* _Required work_
If a line in the entries below includes "from", pick it out and copy it.

** Opening Data for processing block **

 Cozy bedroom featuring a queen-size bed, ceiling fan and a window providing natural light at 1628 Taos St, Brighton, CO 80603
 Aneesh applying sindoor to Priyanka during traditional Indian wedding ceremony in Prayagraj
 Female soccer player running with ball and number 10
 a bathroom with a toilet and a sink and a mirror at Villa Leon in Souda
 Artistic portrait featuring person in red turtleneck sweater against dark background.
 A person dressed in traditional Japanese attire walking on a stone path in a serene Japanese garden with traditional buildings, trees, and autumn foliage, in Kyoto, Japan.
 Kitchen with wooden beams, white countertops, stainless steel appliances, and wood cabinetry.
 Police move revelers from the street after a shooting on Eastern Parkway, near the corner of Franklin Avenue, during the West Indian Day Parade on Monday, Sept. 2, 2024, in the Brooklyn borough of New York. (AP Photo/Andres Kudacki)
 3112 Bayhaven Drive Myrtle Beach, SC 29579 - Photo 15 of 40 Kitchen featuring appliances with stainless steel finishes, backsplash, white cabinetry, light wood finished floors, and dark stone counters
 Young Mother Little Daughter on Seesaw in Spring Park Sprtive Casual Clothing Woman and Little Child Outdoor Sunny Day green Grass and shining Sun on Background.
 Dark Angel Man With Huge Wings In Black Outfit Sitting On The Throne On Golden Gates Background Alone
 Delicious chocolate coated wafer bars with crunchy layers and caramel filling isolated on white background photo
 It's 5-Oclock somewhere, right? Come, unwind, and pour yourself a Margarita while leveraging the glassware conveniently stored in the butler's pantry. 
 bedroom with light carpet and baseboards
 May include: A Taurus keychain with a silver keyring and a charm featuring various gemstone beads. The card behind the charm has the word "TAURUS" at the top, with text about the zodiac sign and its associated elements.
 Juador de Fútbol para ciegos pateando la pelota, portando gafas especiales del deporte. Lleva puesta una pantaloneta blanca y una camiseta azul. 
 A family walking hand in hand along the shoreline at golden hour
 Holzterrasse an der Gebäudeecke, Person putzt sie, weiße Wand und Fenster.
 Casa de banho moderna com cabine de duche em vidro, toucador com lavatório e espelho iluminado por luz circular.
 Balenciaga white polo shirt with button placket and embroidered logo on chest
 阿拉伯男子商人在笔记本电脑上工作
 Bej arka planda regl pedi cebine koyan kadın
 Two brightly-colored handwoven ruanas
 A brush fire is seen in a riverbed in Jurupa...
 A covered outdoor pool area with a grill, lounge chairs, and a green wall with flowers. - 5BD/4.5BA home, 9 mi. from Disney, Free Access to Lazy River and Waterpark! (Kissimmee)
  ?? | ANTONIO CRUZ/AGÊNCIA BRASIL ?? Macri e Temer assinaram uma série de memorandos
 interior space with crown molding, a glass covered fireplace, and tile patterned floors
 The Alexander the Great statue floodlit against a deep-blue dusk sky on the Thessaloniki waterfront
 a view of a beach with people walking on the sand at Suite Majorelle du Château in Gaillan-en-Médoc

** Closing Data for processing block **

* _Your solution_
 Police move revelers from the street after a shooting on Eastern Parkway, near the corner of Franklin Avenue, during the West Indian Day Parade on Monday, Sept. 2, 2024, in the Brooklyn borough of New York. (AP Photo/Andres Kudacki)
 A covered outdoor pool area with a grill, lounge chairs, and a green wall with flowers. - 5BD/4.5BA home, 9 mi. from Disney, Free Access to Lazy River and Waterpark! (Kissimmee)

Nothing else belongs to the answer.